FINRA to Robinhood Financial LLC $70,000,000.00 fine - largest fine in FINRA’s history
In December 2019 Robinhood Financial agree to a AWC -FINRA No. 2017056224001 that Robinhood violated FINRA Rules 5310(a), 5310.09, 3110(a), 3110(b), and 2010 by not exercising reasonable diligence
You know one Federal Enforcement Agency that doesn’t get as nearly as much credit/press as it should…
Financial Industry Regulatory Authority - FINRA
FINRA welds immense power and it’s their sole charter to hold Brokers and Brokerage Firms accountable and enforcement of the rules . FINRA was authorized and chartered by Congress to oversee nearly ALL US based stockbrokers and brokerage firms. Below are a few factual bullet points;
protect America’s investors by making sure the broker-dealer industry operates fairly and honestly
oversee more than 624,000 brokers across the country—and analyze billions of daily market events.
use innovative AI and machine learning technologies to proactively monitor the market, provides support to investors, regulators, policymakers and other stakeholders.FINRA is the largest self-regulatory organization (SRO) in the securities industry.
FINRA v SEC - not really a competition - Congress vested FINRA with certain authority and enforcement tools.
SEC is responsible for ensuring fairness for the individual investor.
Should there be an “enforcement” dispute - between FINRA and said Stock/Investment Company - then each can file an appeal with the SEC - this is important because something in my gut tells me that Robinhood Financial might contest this fine. Which means the SEC would act as an “arbiter”…but don’t hold me to that because it’s possible I’m wrong that Robinhood won’t object to the fine.
FINRA & SEC Enforcement Background & History as to Robinhood Financial -December 2019-
Robinhood entered into an AUTHORITY LETTER OF ACCEPTANCE, WAIVER, AND CONSENT (AWC) with FINRA
FINRA Case NO: 2017056224001…through which it consented to findings that, from October 1, 2016, through November 9, 2017, the firm violated the following FINRA Rules
FINRA Rule -5310(a) -Best Execution and Interpositioning
FRINRA Rule - 5310.09-Regular and Rigorous Review of Execution Quality
FINRA Rule 3110(a) -Supervisory System
and FINRA Rule 3110(b) -Written Procedures
Robinhood did not exercise reasonable due diligence to ascertain that the broker-dealers to which it routed customer orders for payment for order flow provided the “best execution quality as compared to other execution venues and by not having a reasonably designed supervisory system and procedures to achieve compliance with its best execution obligations under FINRA’s rules”

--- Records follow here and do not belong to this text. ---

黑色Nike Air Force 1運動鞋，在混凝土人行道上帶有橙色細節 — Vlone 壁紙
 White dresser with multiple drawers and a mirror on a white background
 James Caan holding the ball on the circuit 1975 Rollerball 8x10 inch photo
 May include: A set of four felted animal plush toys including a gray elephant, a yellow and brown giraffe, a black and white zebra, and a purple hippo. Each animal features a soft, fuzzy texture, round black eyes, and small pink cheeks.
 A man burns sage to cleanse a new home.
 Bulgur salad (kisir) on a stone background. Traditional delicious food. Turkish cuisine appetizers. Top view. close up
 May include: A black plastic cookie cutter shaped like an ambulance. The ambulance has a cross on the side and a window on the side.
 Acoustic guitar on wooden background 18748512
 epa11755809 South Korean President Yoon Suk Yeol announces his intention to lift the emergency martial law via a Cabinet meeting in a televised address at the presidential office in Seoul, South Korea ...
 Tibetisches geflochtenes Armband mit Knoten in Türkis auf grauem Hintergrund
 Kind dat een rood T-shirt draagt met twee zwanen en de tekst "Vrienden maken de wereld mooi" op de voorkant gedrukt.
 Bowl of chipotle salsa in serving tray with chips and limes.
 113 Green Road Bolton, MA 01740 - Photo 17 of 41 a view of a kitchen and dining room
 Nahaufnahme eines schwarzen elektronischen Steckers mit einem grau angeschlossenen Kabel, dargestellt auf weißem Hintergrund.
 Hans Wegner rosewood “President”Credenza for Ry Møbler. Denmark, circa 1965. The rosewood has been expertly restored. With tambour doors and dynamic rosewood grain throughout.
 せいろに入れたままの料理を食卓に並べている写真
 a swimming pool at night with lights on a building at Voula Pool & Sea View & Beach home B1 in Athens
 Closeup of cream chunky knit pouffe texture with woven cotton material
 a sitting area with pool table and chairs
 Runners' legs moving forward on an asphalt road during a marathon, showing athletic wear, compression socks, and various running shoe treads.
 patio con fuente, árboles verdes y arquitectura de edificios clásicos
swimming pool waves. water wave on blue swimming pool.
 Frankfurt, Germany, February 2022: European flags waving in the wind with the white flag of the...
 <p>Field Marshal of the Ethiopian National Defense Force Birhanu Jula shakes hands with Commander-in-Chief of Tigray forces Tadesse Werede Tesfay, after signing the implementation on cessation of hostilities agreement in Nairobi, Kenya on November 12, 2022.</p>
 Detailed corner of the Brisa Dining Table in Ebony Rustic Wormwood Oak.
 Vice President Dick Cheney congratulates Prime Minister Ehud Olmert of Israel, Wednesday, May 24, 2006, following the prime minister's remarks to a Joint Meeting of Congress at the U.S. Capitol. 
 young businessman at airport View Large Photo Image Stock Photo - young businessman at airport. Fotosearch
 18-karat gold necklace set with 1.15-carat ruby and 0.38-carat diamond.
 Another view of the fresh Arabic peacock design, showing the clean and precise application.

Robinhood Financial consented to the FINRA censure, plus a $1,250,000 monetary fine, and argree to an retain an independent consultant to conduct a comprehensive review of the adequacy
-December 2020- SEC Enforcement Action
On December 17, 2020 the Securities and Exchange Commission announced that they charged Robinhood Financial LLC for litany of pretty alarming business practices.
repeated misstatements that failed to disclose the firm’s receipt of payments from trading firms for routing customer orders to them, and
with failing to satisfy its duty to seek the best reasonably available terms to execute customer orders.
Robinhood agreed to pay $65 million to settle the charges.
The December 2020 SEC Press Release concluded:
Without admitting or denying the SEC’s findings, Robinhood agreed to a cease-and-desist order prohibiting it from violating the antifraud provisions of the Securities Act of 1933 and the recordkeeping provisions of the Securities Exchange Act of 1934, censuring it, and requiring it to pay a $65 million civil penalty. Robinhood also agreed to retain an independent consultant to review its policies and procedures relating to customer communications, payment for order flow, and best execution of customer orders, and to ensure that Robinhood is effectively following those policies and procedures.
June 30, 2021 FINRA drops the Hammer
Now the June 30, 2021 FINRA Press Release - which reads in part:
FINRA Orders Record Financial Penalties Against Robinhood Financial LLC
Firm Ordered to Pay Approximately $70 Million for Systemic Supervisory Failures and Significant Harm Suffered by Millions of Customers
Robinhood Financial LLC $57 million and ordered the firm to pay approximately $12.6 million in restitution, plus interest, to thousands of harmed customers.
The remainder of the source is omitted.